Introduction to iprPy

What problems does iprPy attempt to address?

The iprPy package is designed to provide a means for sharing both the knowledge and capabilities associated with calculation methods. This is important for verification, validation and reproducibility of research results as anyone wishing to check someone else’s work needs to both know how the calculations are done as well as being able to do it themselves.

Here are some examples of issues that often arise that can in part be addressed through the use of iprPy or similarly designed works

  • Traditional publications are the classic way of sharing scientific knowledge. However, they are static documents and any associated methodologies are described in an abstract sense using the human language of the paper. Anyone wishing to use the methods either needs to create an implementation themselves or obtain one from an external source. If the description contains one or more critical typos would it make reproducing the work impossible?

  • Research practices often focus on the traditional publication being the final end product of any research work done. To this end, the methodologies used to generate the data for the paper often exist in forms that only the researcher involved in the work knows how to use it. In this situation, how does the current researcher pass their work on to others in their group when they move to a different job or subject area? If the researcher leaves the work alone and attempts to revisit years later, can they figure out what their past selves had done? Can they even find all of the necessary files to do the work after transferring between computers and/or archiving?

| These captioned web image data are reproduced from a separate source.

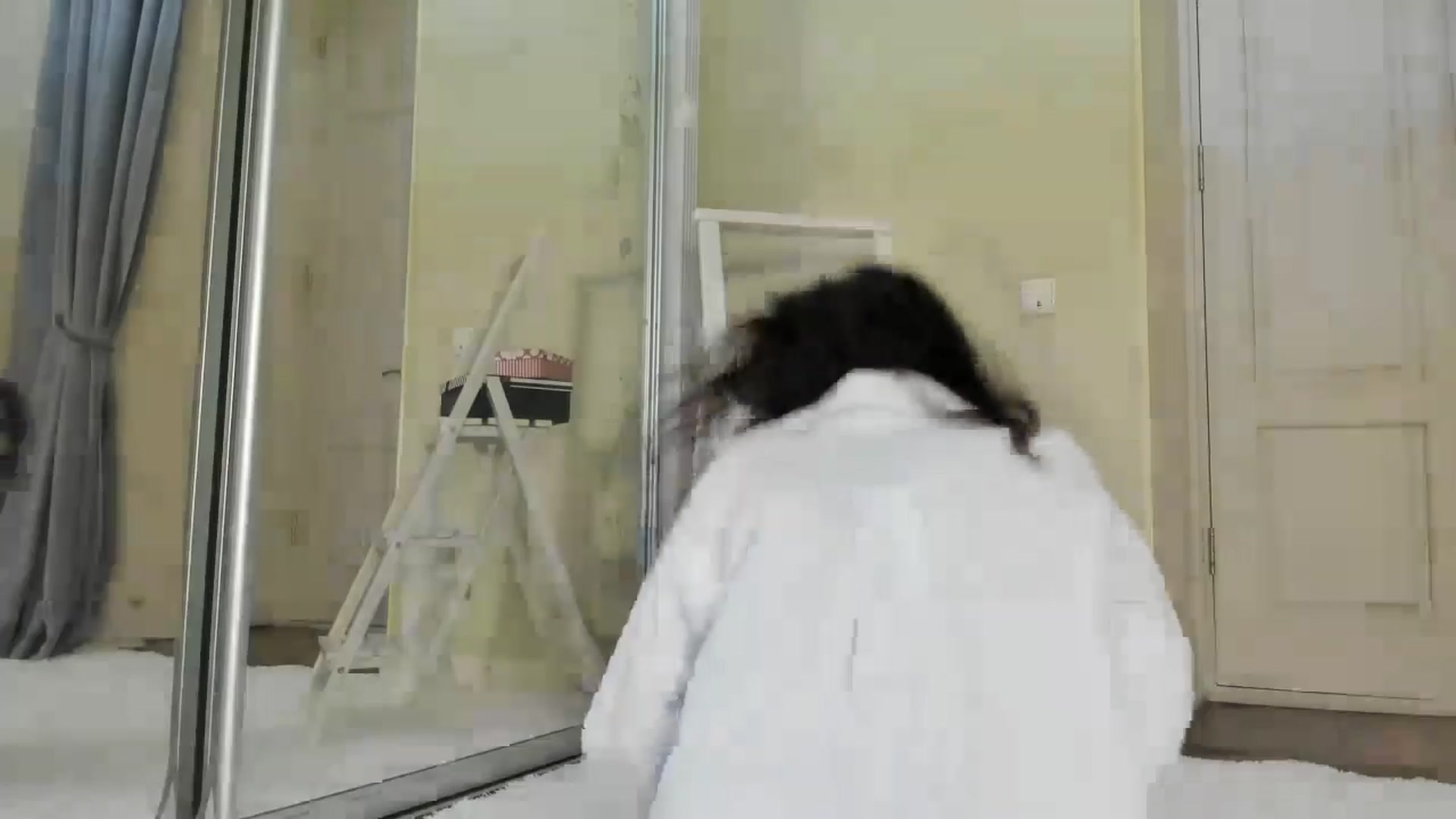 Gallery image thumbnail from Baby_Jewel's myfreecams stream on, 01/17/2025, 12:24 image 12 of 20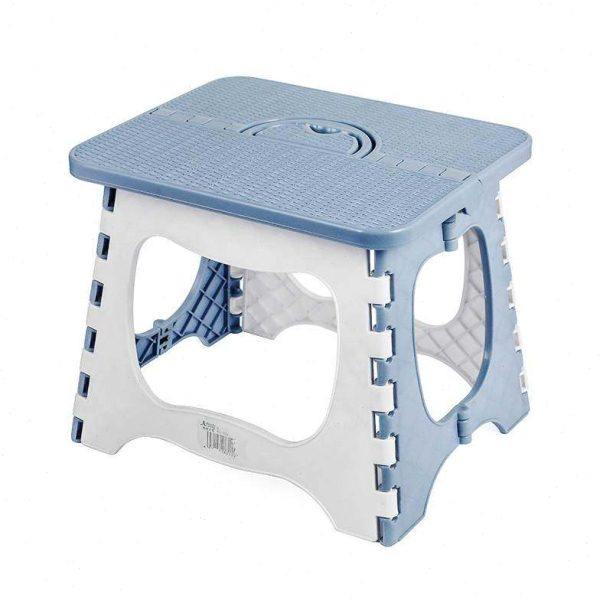 折叠椅凳子儿童折叠小板凳浴室便携式户外塑料马扎家用矮凳,淘宝优惠券,粉丝福利购,淘宝优惠卷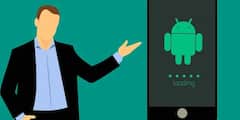 Tech Tips: फोन रोज रीस्टार्ट करें या महीने में एक बार? सही टाइम जान लिया तो स्पीड होगी दोगुनी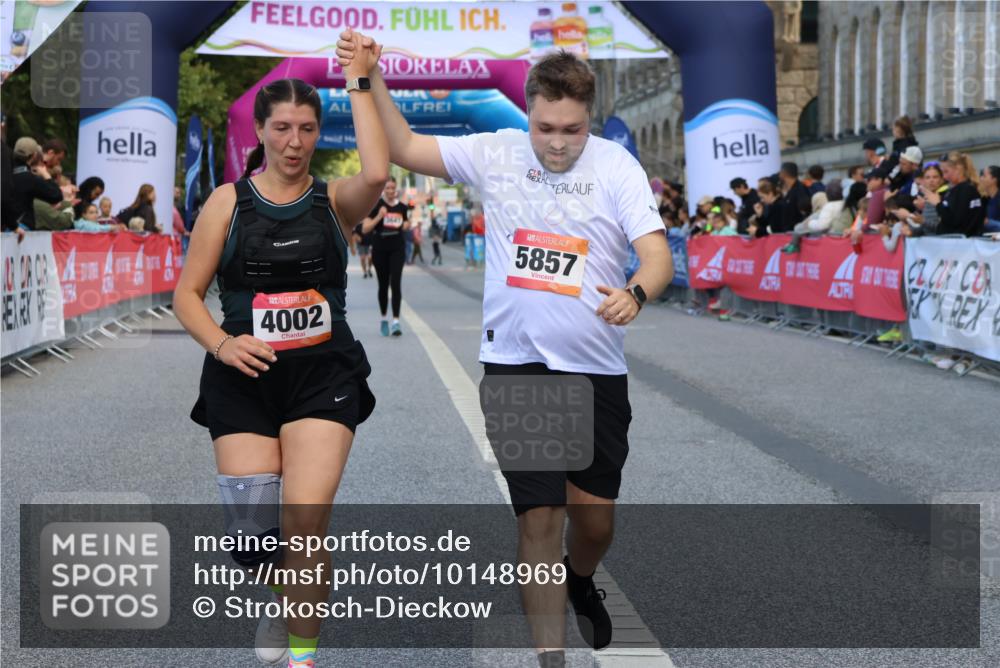 06.09.2026 - CURREX Alsterlauf Strokosch-Dieckow http://msf.ph/oto/10148969 06.09.2026 10:32:25 Ziel 2212, 4002, 5857 meine-sportfotos.de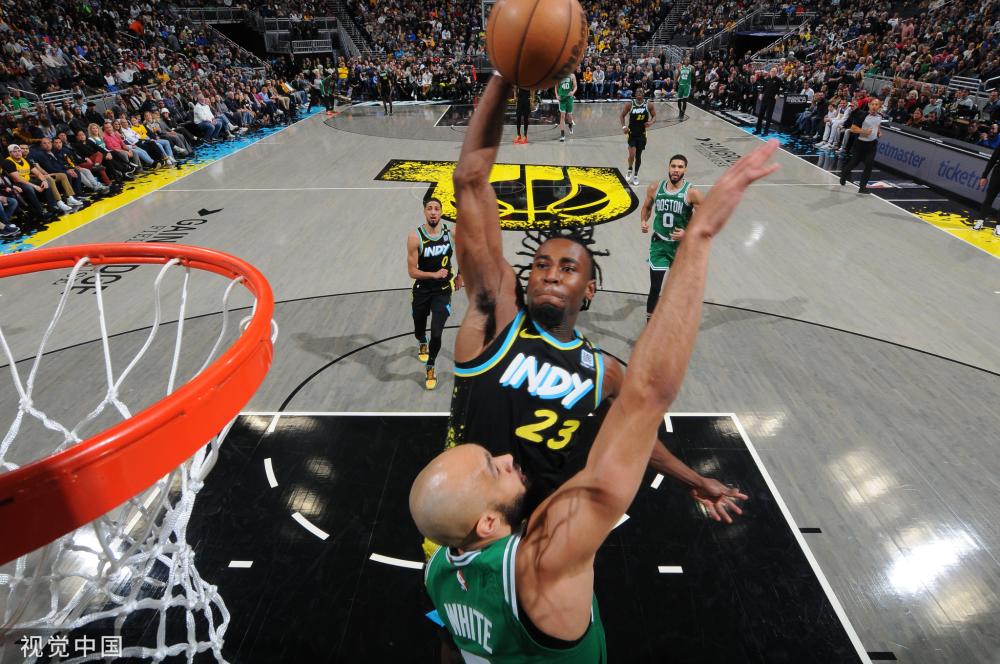 需要提到的 需要提到的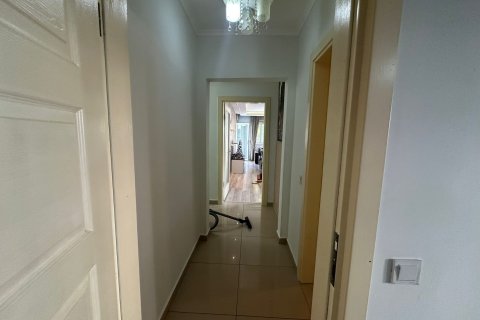 Apartment for sale in Mahmutlar, Antalya, Turkey, 3 bedrooms, 170m2, No. 227356 – photo 26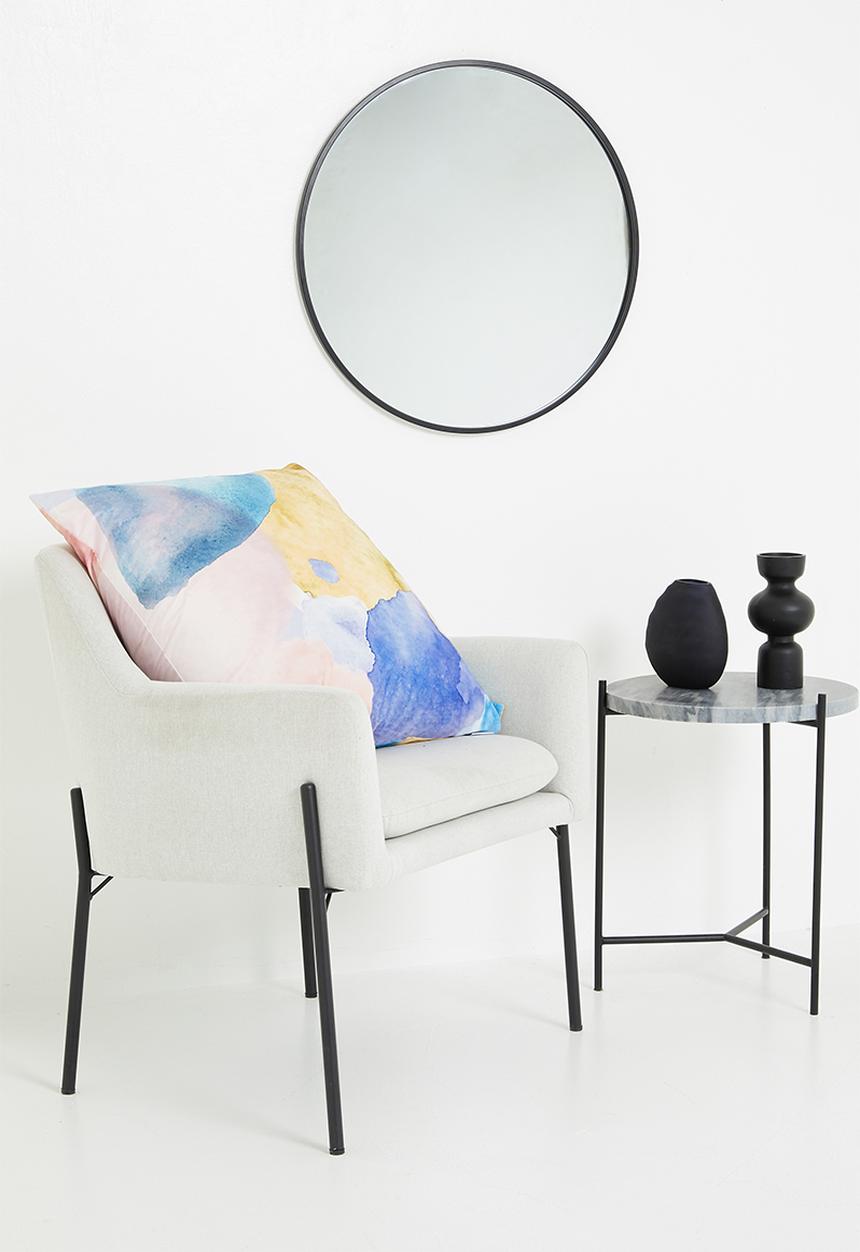 Sixth Floor - Callisto cushion cover - multi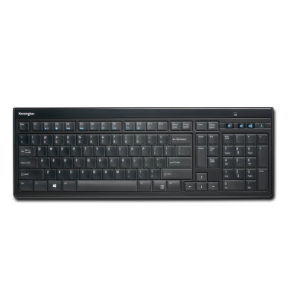 Advance Fit Slim trdlst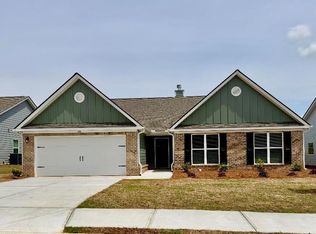 212 Champions Ln, Winder, GA 30680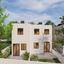 3 bedroom detached house for sale aradippou larnaca 8495156 thumbnail 15296679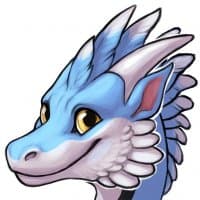 «Rathios» sticker set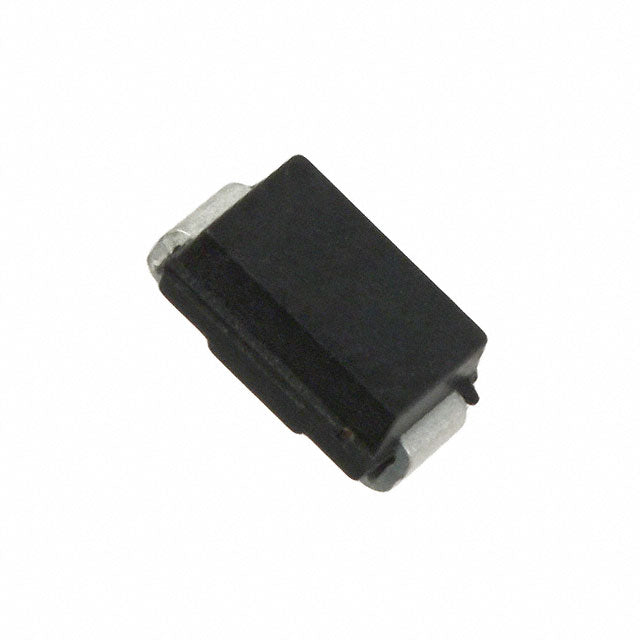 TISP4015H1BJR-S (SMD)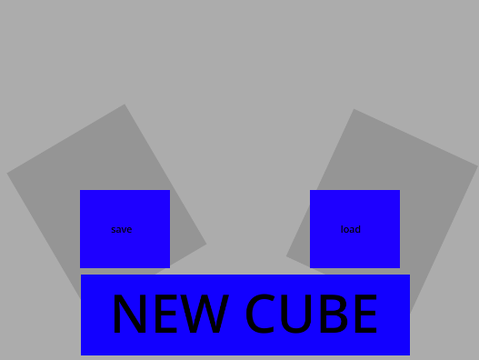 Collect The Circles v1.1 #games #art #trending #all remix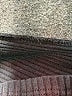 Zara Black Turtleneck Sweater Size S - photo 8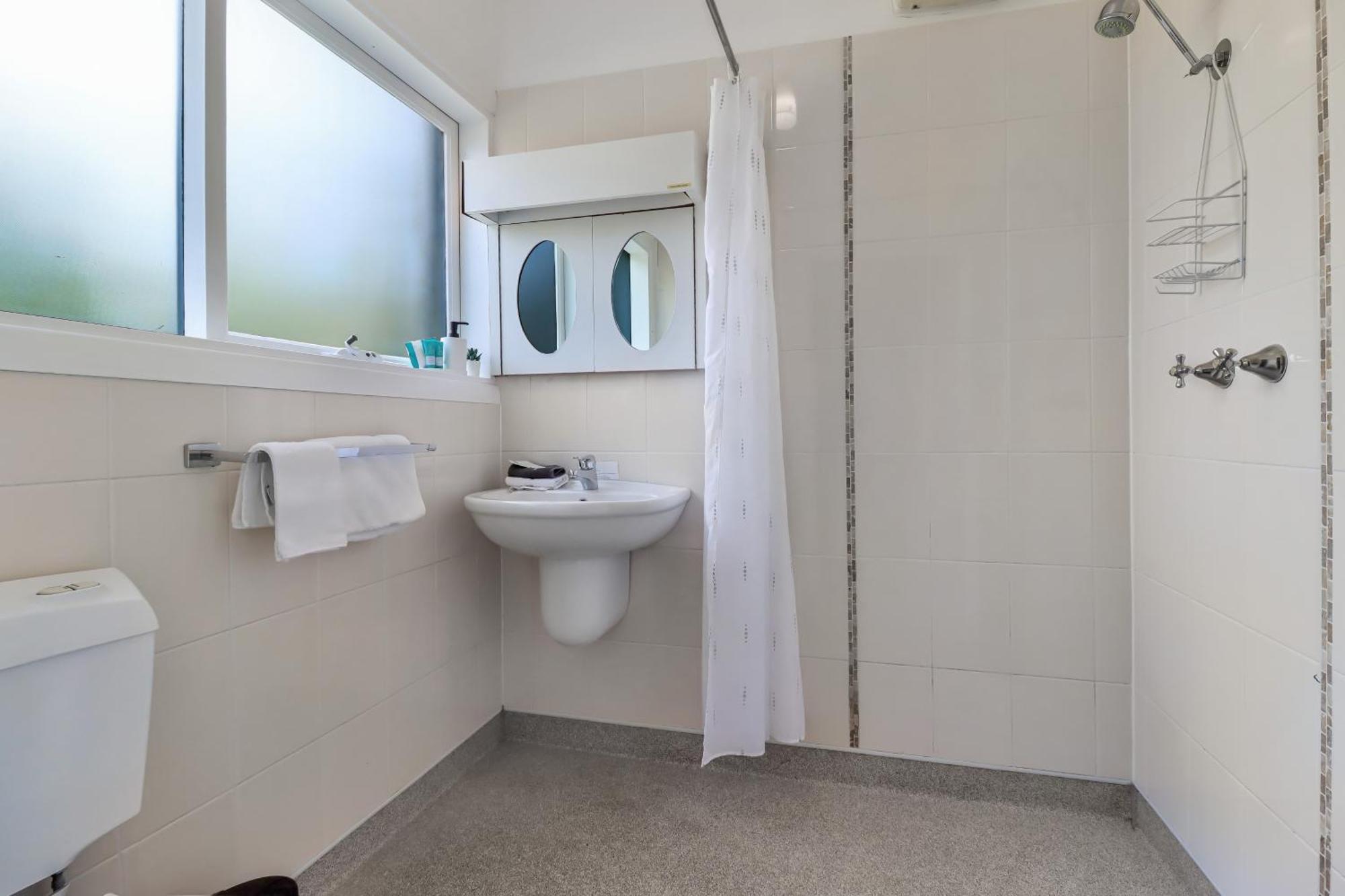 Highton Accommodation Джелонг Экстерьер фото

  • Many methodologies and tools exist as so-called “black boxes” in which a compiled program accepts a set of inputs, does some hidden work, and then returns processed results. While this provides a means of sharing the capability, it obscures the methodology making it difficult for users to work out exactly what the method is doing. How do external users know that the black box method is doing what it claims to be doing? If there is an issue or bug with the code, is there an easy means of fixing it?

It’s all in the design

With iprPy, the idea is to avoid these complications beforehand through proper calculation design. In short, a little extra work now will result in much benefit later on as users can understand, share and revisit methods with ease.

  • All calculation methods are represented in Python. Python is a scripting language meaning that the Python scripts simultaneously represent the programming code and detail the workflow associated with a specific calculation. By sharing the Python scripts as open source tools, users can access and explore how the methods work.

  • Each calculation method exists as a Python function that serves as a self-contained and independent unit of work. It should represent the workflow associated with a single run of the specific calculation method and be minimally dependent on the framework in which it is contained. Additionally, it should be possible to independently execute each calculation function by providing only Python objects and simple data types as inputs. These design considerations form the basis of making it possible for the calculation functions to be individually ran or incorporated into a variety of external workflows.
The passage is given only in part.